Entries shown:
###

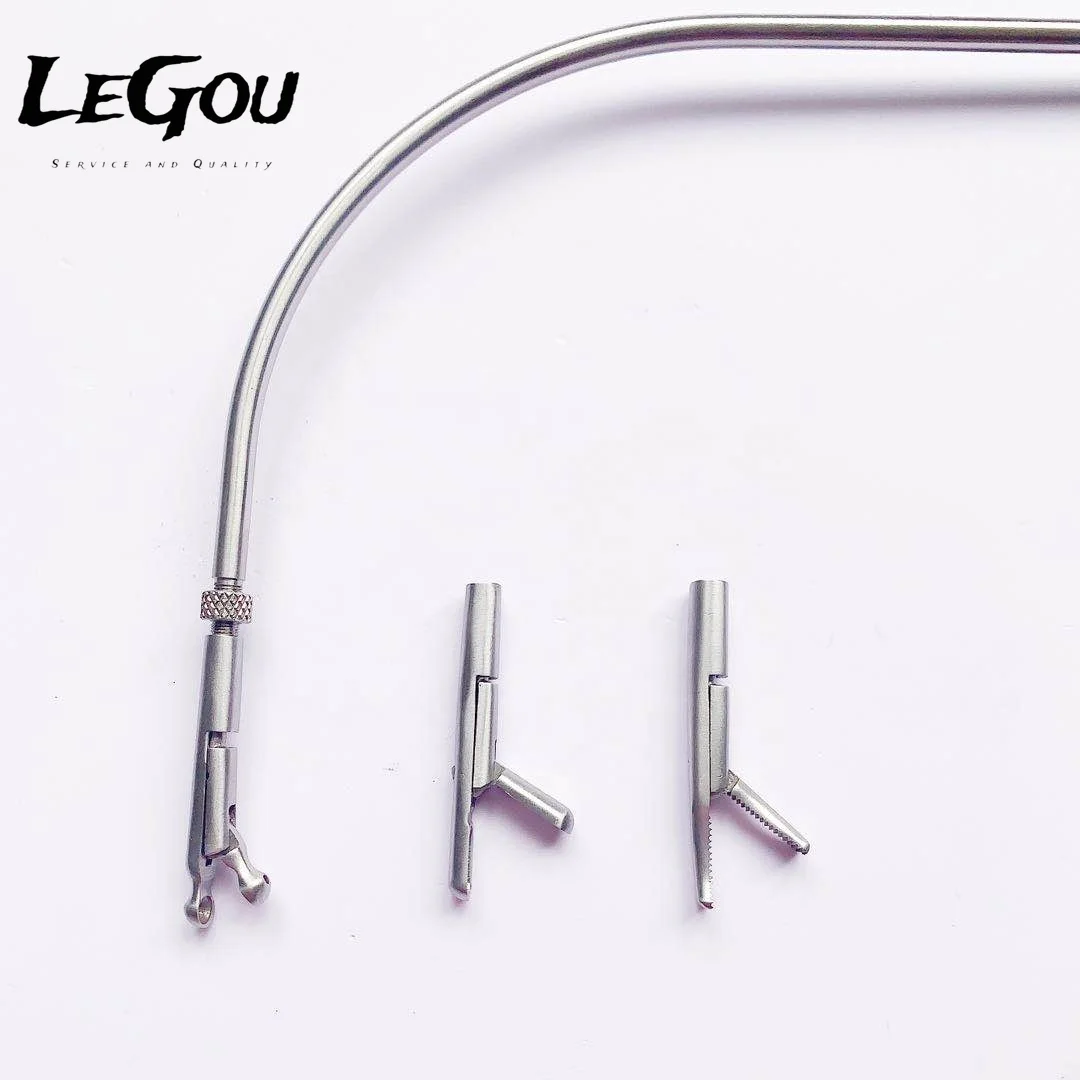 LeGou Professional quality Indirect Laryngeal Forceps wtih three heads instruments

###

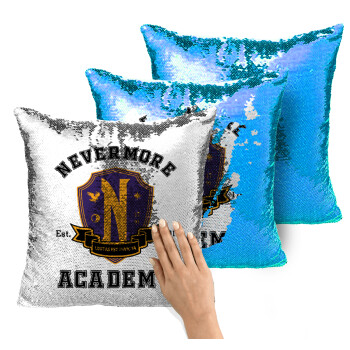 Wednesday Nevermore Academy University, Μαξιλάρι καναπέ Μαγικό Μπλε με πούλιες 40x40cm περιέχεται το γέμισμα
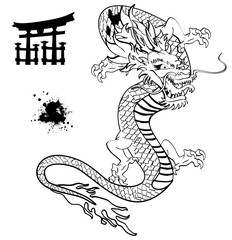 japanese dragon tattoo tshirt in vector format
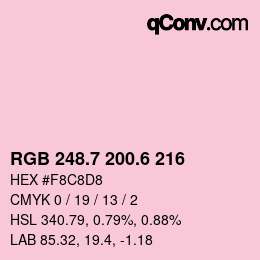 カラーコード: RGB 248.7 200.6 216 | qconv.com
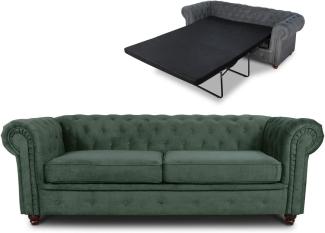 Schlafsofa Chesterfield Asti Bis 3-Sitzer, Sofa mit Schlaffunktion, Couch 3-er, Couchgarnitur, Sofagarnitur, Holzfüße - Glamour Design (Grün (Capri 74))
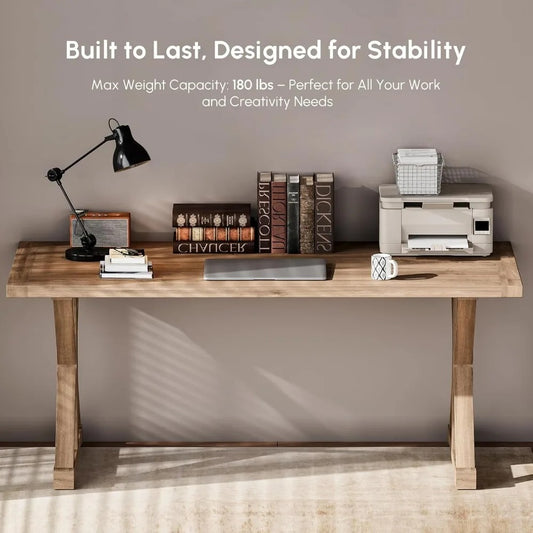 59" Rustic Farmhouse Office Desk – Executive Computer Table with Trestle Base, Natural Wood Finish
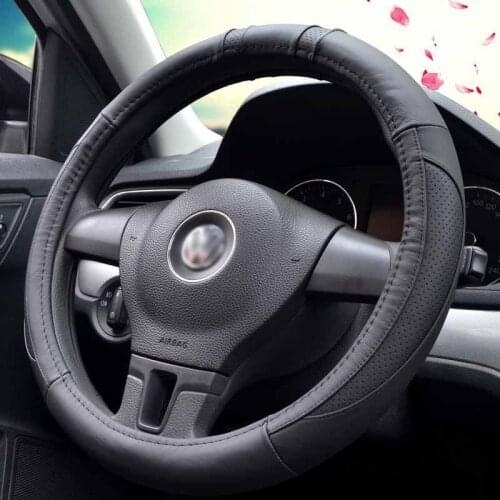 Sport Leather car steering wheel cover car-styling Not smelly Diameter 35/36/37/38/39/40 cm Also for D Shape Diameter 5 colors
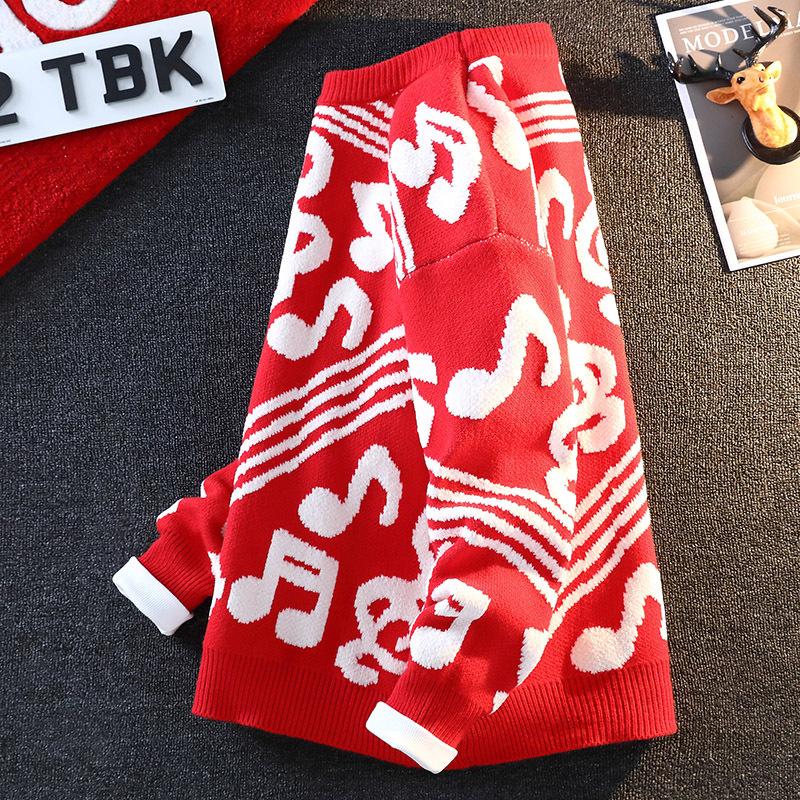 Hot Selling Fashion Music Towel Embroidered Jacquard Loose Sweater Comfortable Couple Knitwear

###

Within the listing above, copy exactly the lines that start at the one with "japanese dragon tattoo" and continue through the one with "Hot Selling Fashion". Omit pictures.

Written solution:
 japanese dragon tattoo tshirt in vector format
 カラーコード: RGB 248.7 200.6 216 | qconv.com
 Schlafsofa Chesterfield Asti Bis 3-Sitzer, Sofa mit Schlaffunktion, Couch 3-er, Couchgarnitur, Sofagarnitur, Holzfüße - Glamour Design (Grün (Capri 74))
 59" Rustic Farmhouse Office Desk – Executive Computer Table with Trestle Base, Natural Wood Finish
 Sport Leather car steering wheel cover car-styling Not smelly Diameter 35/36/37/38/39/40 cm Also for D Shape Diameter 5 colors
 Hot Selling Fashion Music Towel Embroidered Jacquard Loose Sweater Comfortable Couple Knitwear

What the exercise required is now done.